While this was happening, Wes had decided, properly, to quit calling and change positions to simulate the natural movement a cow Moose would make. He moved down to the stream and filled the birch horn with water, intending to call again, then pour the water slowly back into the the quiet pond, simulating the urination of a cow in heat in conjunction with the call. This is a common trick we used and it often was the final convincer a Bull needed, provoking him to respond more forcefully. At this moment i was in mid air catching my balance as he began pouring out the water in a noisy trickle and a moment later he fell in the creek because.......

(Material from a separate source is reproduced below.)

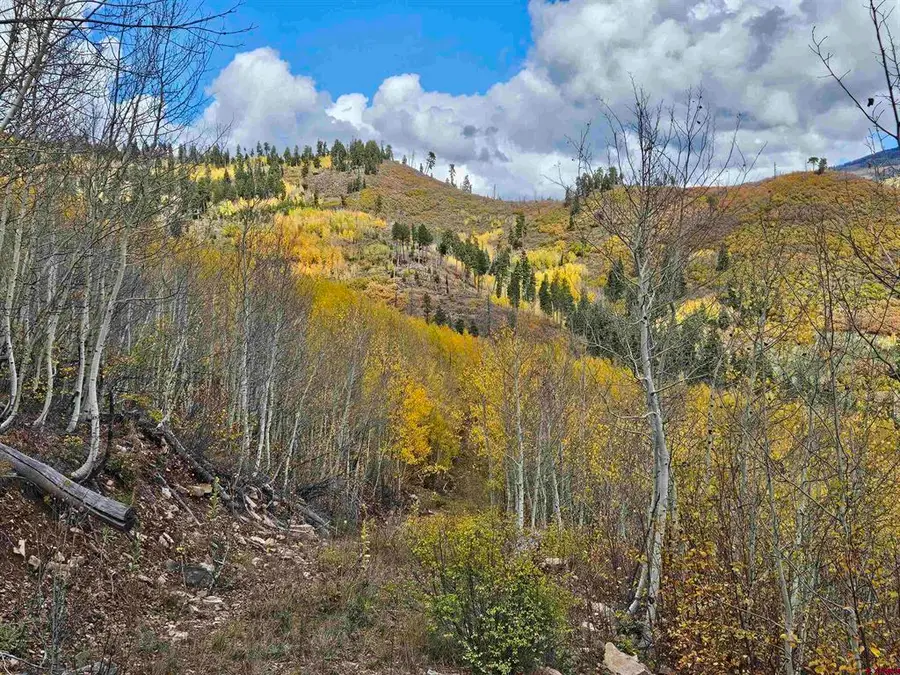 TBD County Road 243, Durango, CO 81301 - #2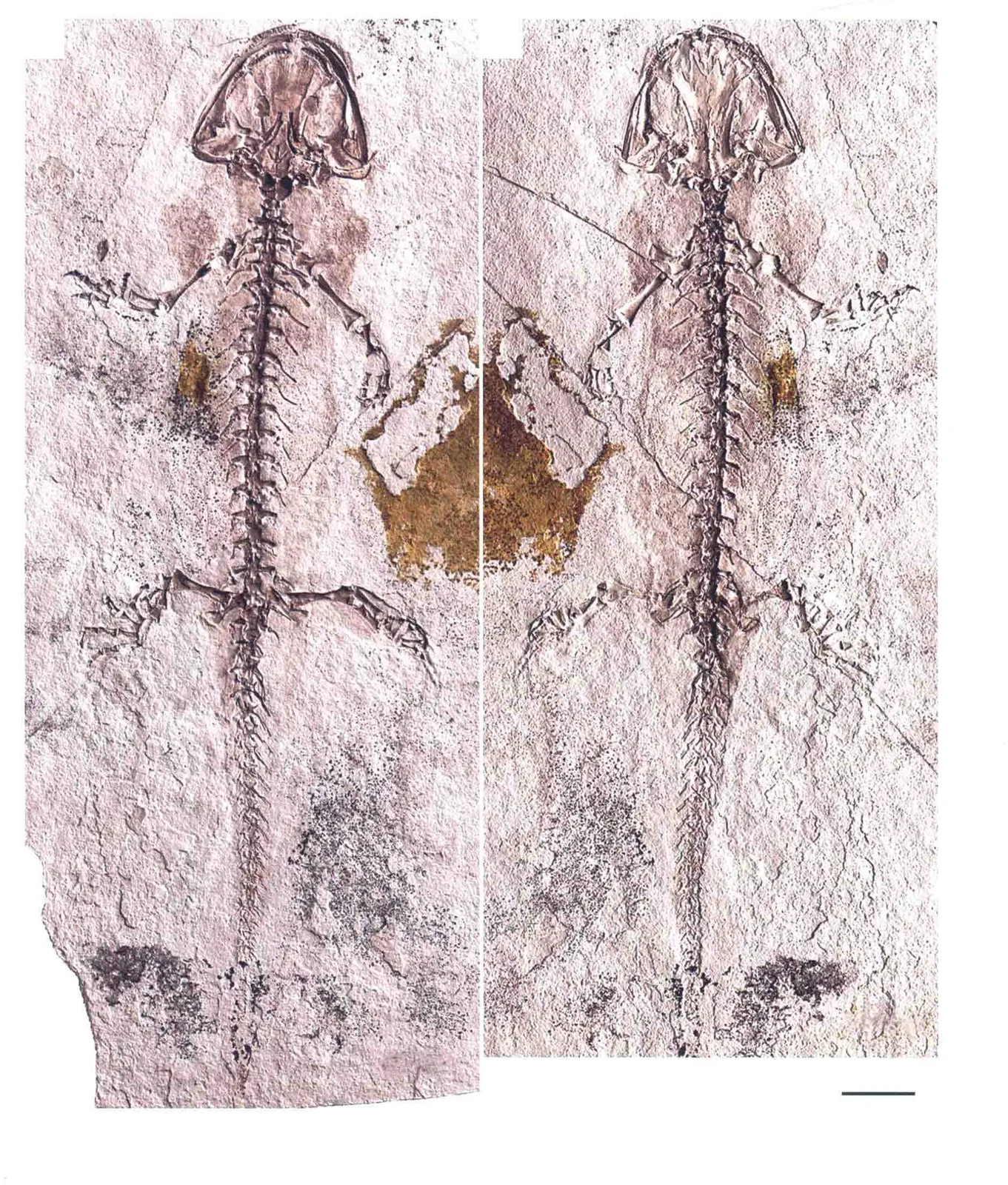 Chunerpeton tianyiensis Gao et Shubin, 2003, a Jurassic amphibian fossil from Inner Mongolia.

As i caught my balance and rounded the tree much too quickly and all hyped.....there was a sound combined with movement, a HUH! HUNGH! RIGHT NEXT TO ME! in a moment suspended in time i......not quite involuntarily, fired my rifle in the air! Pure adrenalin and fear during that fraction of a second told my brain that (A)you are in deep doo doo bud! and (B) do something to save your sorry dumb azz! Which translated into the trigger pull, (still not sure if that was conscious thought:biggrin:) The next scene that registered on my brain was that of a man....a man??!!, falling to the ground not 5 feet to my left:surprised:

Moose hunting is.........three parts.......

Posted by: Wayne in BC (216.86.104.190)
Date: November 03, 2005 08:59PM


hunting, two parts gutting and skinning, but for sure five parts heavy lifting!:wacko:

The man was lying there making strange sounds while my shocked and barely reasoning mind said......the gun was pointing up! I could not possibly have shot him! Could i? Then to top it off, suddenly some other guy was running at yelling....what the #@%$# did you do!! It was the guide and the fellow on the ground was his client. Now i cannot tell you just exactly what happened or what was said in the next minute, suffice to say that while the guide was fussing over the hunter and snarling at me, the fellow got to his feet:clap::clap::clap: he was barely one step from having a heart attack but it was obvious that he was not shot....thank God!

He had been standing behind the tree that obscured my vision, standing quietly while his guide sat 50 feet away and answered the "Moose" that was calling from below them! When he heard a slight sound next to him it scared the heck out of him, plus at the same instant he saw me and my rifle come out from behind the tree, he did not even recognise what he was seeing, being hyped up and nervous on his first Moose hunt and having heard stories of the huge dangerous Bull Moose, way too much input there, my movement so close by had brought an involuntary terrified "grunt" out of him, then the awful muzzleblast of the 7mm magnum had finished the job as his knees went jelly and he collapsed into a blubbering heap!

Things settled down after another minute or so and the guide and i realised what we had done. It came out about the Moose calling and the guide said...damn! That was you? Of course i said also....that was you?:lol: And after a couple minuted we were laughing about the whole thing.

And that folks is how i started guiding Moose hunters in that area, the guide, actually an outfitter was so impressed with my calling ability in fooling him, a very experienced man, and my being able to stalk that close to them that he wanted to hire me on the spot! Naturally my partner Wes had heard the shot and the voices, so soon showed up to be regaled with the wild tale.

Here is a pic of a smallish Moose i took on that hunt. Notice how "mature" i looked at age 24? Sorry had to scan old polaroid! Now i suppose you want me to tell you how that happened too?:biggrin:
 
I loved the story@@
 
i called the Bull you saw in the pic. Whacked him at 40 ft and while we were dressing him out another young Bull strolled out into the meadow and my buddy took him. We went home with the old chevy groaning under the weight!